【短】今夜、君と夜を待っている。
夜中にこういうやり取りをしていると、まるで高平くんに恋をしているような気分になる。
高平くんももしかしてわたしのことを、と期待してしまう。
けれど、そうじゃないって知ってる。
もう、眠った?⠀と打ったメッセージを数秒迷って送信する。
もともと、お互いの睡眠時間を削りあっているのだから、少しくらい邪魔したっていい。
おやすみのあとに、やっぱりもう少し、と高平くんが夜を引き延ばそうとすることもたまにある。

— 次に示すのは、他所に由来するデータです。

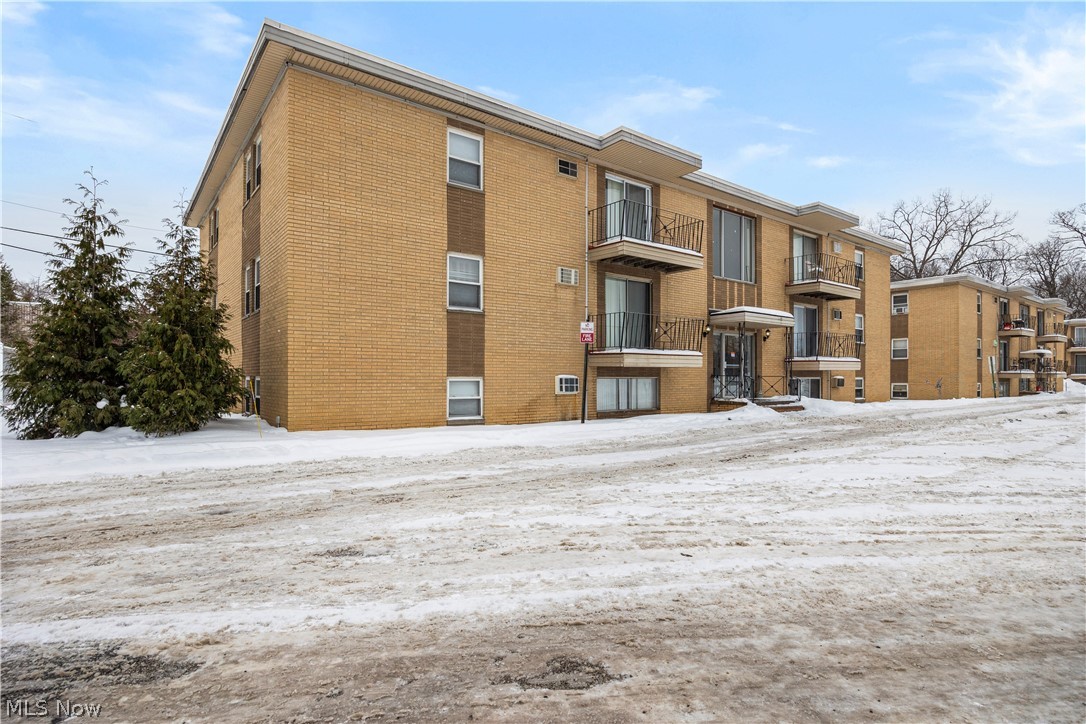 Snow covered building featuring a view of apartment building / complex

以前高平くんが教えてくれた曲をいちばん音量を低くして流しながら、返信を待つ。
いつまで経っても返信は来なくて、これはもう寝ているなと諦めかけたとき。
ぷつっと音楽が途切れて、伏せかけていた瞼を開けると着信画面に切り替わっていた。
めずらしい、電話なんて。
喉を鳴らして声の調子を整え、通話に繋げる。
「……おはよう?」
もしもし、と迷って朝の挨拶にした。
たまには、家族よりも先に、別の誰かにおはようって言ってみたくて。
『おはよ。さっきぶり』
「うん。十分ぶりかな。起きてた?」
『いや、全然寝てた』
からから、と風車を回すような笑い声がきこえる。
いつもより低くて、掠れた声は確かに眠そうだ。
ごめんね、と言いかけて、飲み込んで。
高平くんの夢よりももっと誘惑的な話題を探す。
仰向けになってカーテンを捲ってみると、朝はもうすぐそこにわたしたちを迎えに来ていた。